_Required action_
Among the entries below, please repeat exactly and only the lines from the line containing "Nike air max mellow" to the line containing "Maison d'architecte à Sainte-Marie (97438)", both lines included.

┌─ Records provided

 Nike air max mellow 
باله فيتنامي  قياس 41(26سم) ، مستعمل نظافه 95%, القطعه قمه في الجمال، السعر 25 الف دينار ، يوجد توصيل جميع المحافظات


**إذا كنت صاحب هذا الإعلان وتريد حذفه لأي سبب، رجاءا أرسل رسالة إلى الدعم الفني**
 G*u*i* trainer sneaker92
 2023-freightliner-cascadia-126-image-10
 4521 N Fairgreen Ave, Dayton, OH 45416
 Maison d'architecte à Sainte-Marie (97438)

└─
┌─ Records provided

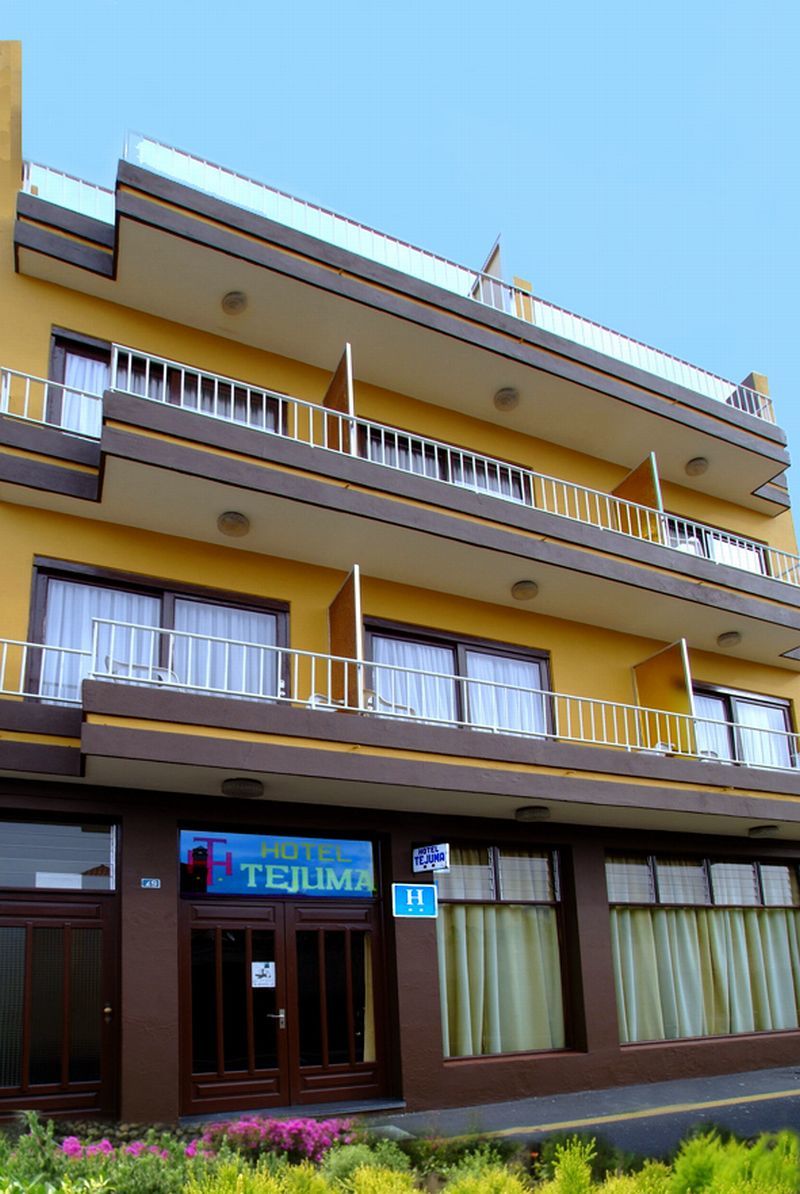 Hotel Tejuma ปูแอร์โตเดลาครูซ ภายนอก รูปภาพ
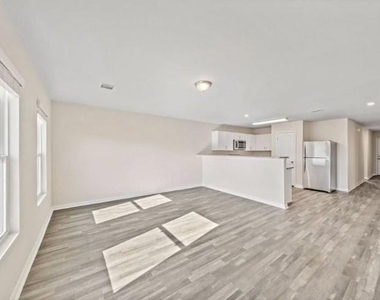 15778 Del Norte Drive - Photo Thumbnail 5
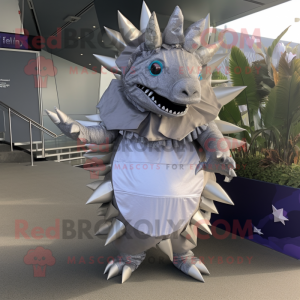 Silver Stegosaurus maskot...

└─

_Solution to the problem_
 Nike air max mellow 
باله فيتنامي  قياس 41(26سم) ، مستعمل نظافه 95%, القطعه قمه في الجمال، السعر 25 الف دينار ، يوجد توصيل جميع المحافظات


**إذا كنت صاحب هذا الإعلان وتريد حذفه لأي سبب، رجاءا أرسل رسالة إلى الدعم الفني**
 G*u*i* trainer sneaker92
 2023-freightliner-cascadia-126-image-10
 4521 N Fairgreen Ave, Dayton, OH 45416
 Maison d'architecte à Sainte-Marie (97438)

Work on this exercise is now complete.